Data provided:
--- START ---
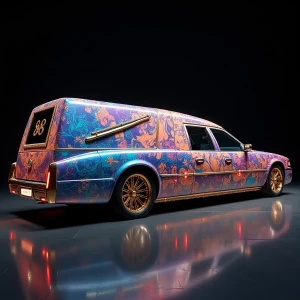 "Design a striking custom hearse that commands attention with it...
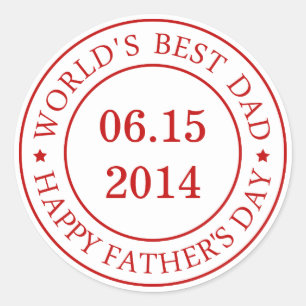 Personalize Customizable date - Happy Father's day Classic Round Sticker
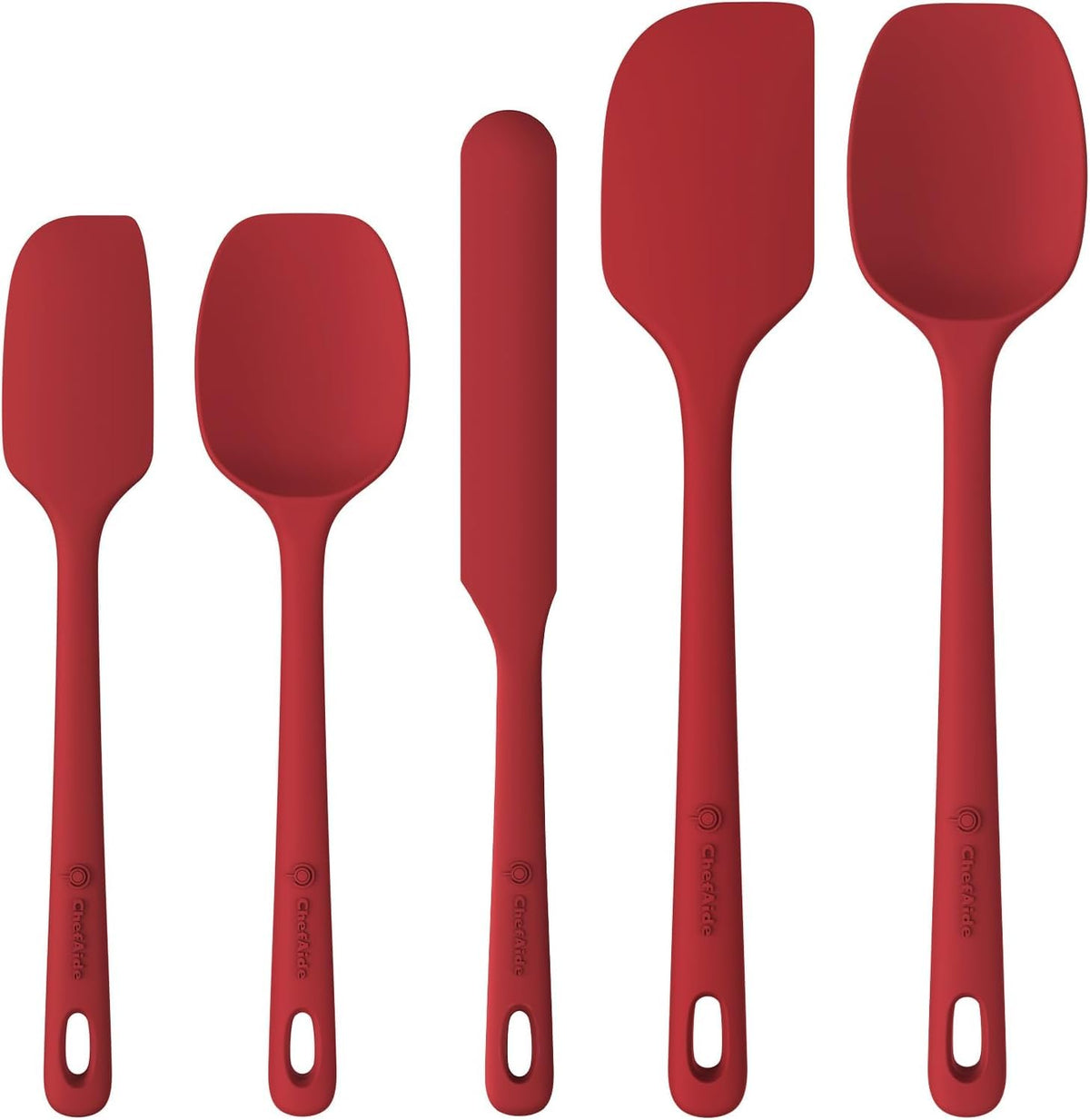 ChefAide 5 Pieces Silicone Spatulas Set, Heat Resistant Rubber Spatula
--- END ---
Exercise:
Please restate, word for word, the lines from the one with "Personalize Customizable date" through the final line of the material, both included, and omit the pictures.

Output for this task:
 Personalize Customizable date - Happy Father's day Classic Round Sticker
 ChefAide 5 Pieces Silicone Spatulas Set, Heat Resistant Rubber Spatula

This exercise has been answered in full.